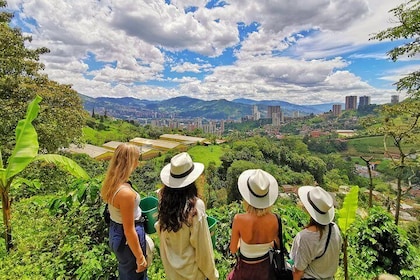 Tour privato di mezza giornata della piantagione di caffè a Medellín, in Co...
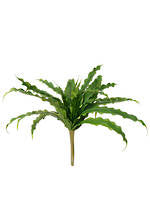 Flower Systems Bird's Nest Fern Bush 33cm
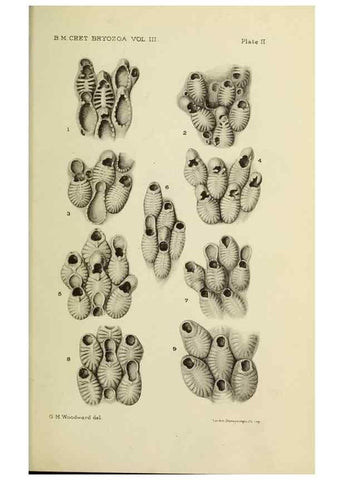 Reproducción/Reproduction 39943780433: Catalogue of the Fossil Bryozoa in the Department of Geology, British Museum (Natural History). . London,1896-1922..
- - -
* TASK PROMPT *
Write out the data above in full and exactly, but without the pictures.

* RESULT FOR THIS TASK *
 Tour privato di mezza giornata della piantagione di caffè a Medellín, in Co...
 Flower Systems Bird's Nest Fern Bush 33cm
 Reproducción/Reproduction 39943780433: Catalogue of the Fossil Bryozoa in the Department of Geology, British Museum (Natural History). . London,1896-1922..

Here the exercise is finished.